As this ZDNet article explains:
With GitHub Actions, which can be written in YAML, you can build a container app, deploy a web service, publish packages to registries, or automate welcoming new programmers to your open source projects. Or chain them all together.
“So what is GitHub Actions exactly?
It’s an application programming interface (API) for cause and effect on GitHub. It enables you to orchestrate any workflow, based on any event, while GitHub manages the execution, provides you rich feedback and secures every step along the way. With GitHub Actions, workflows and steps are code in a repository, so you can create, share, reuse, and fork your software development practices.

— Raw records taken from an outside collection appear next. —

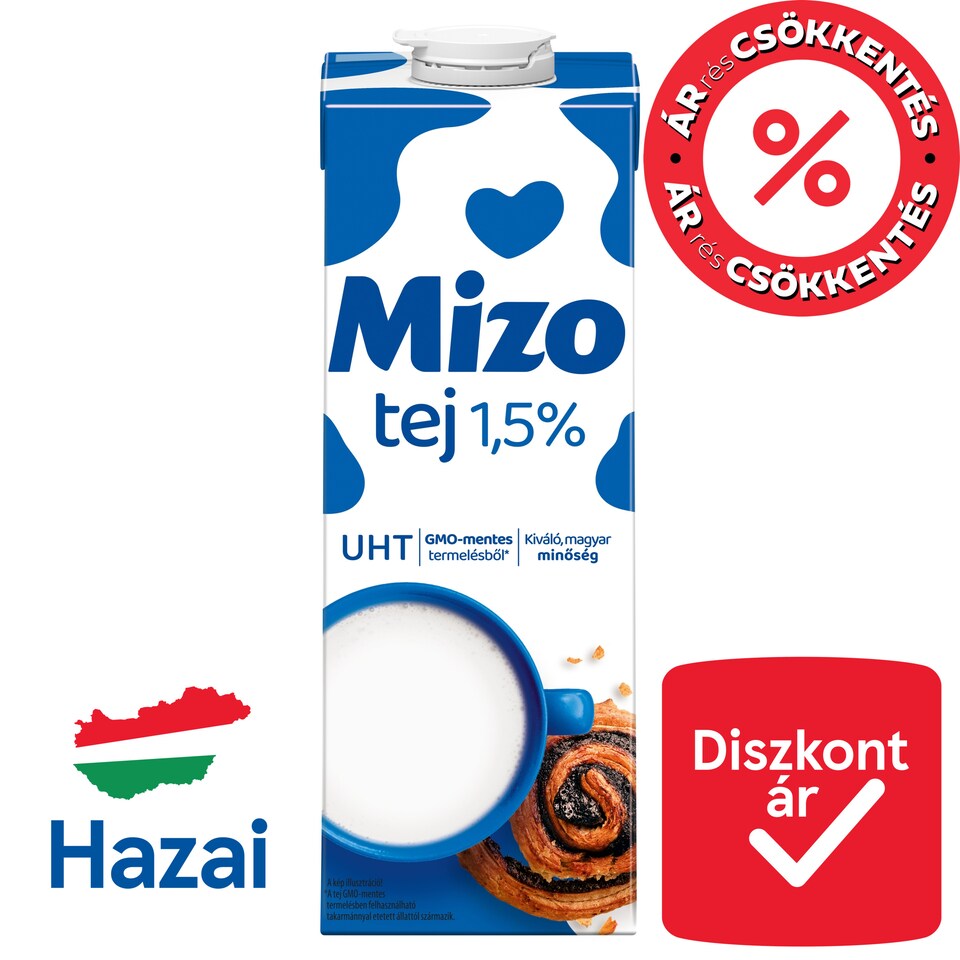 Mizo UHT zsírszegény tej 1,5% 1 l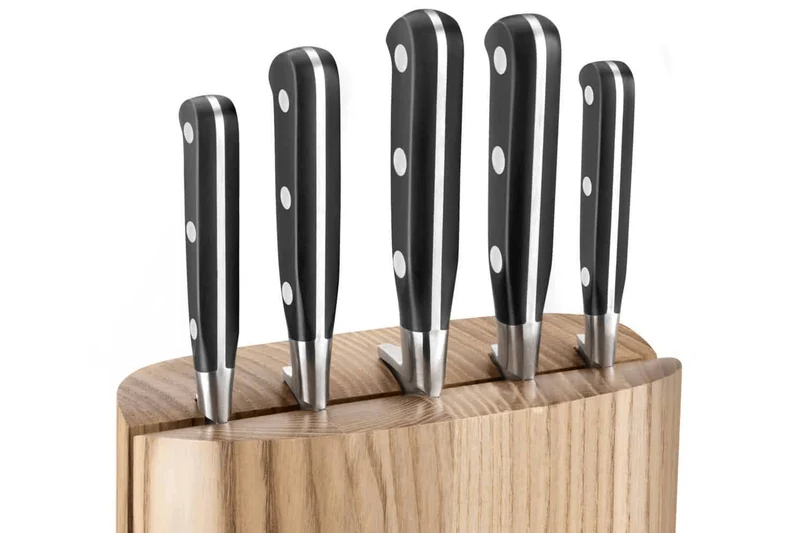 Bloc 5 couteaux SABATIER Idéal Inox 100% forgé frêne naturel
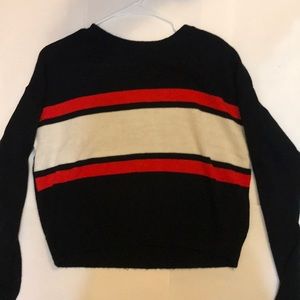 H&M navy, red, and white striped sweater S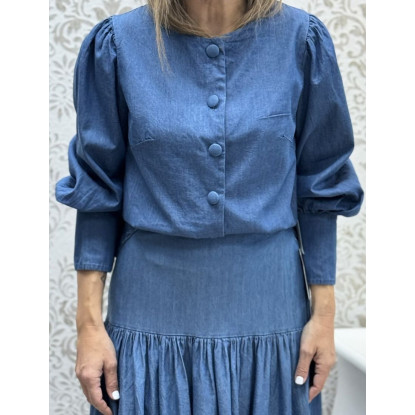 Camisa denim boton forrado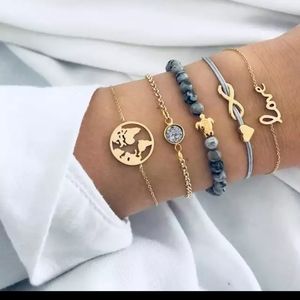 Five piece Natural Stone&Gold Bracelets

What’s new is that GitHub has added CI/CD and testing to Actions. With this, users can automate how they build, test, and deploy projects. You can do this with any platform. That includes Linux, MacOS, and Windows. You can then run your workflows in a container or on a virtual machine (VM). “
How to put GitHub Actions to work for your software team
TechBeacon provides this concise and insightful action plan for How to put GitHub Actions to work for your software team.
“With advanced, complex workflows reduced to simple commands, Action-based workflows can offer impressive benefits to ops developers. You can use GitHub Actions to automate repetitive actions and decrease time spent configuring workflows, giving you more free time to focus on your own domain logic.
Instead of maintaining a sea external DevOps apps and accounts, GitHub Actions is automating software delivery using Git. Teams can embrace a collection of UNIX-like microservices to perform niche tasks, all called in sequence with their custom, event-driven pipeline. Since Actions are defined in your repository or public repositories, executions are handled by a kind of mesh of GitHub repos.”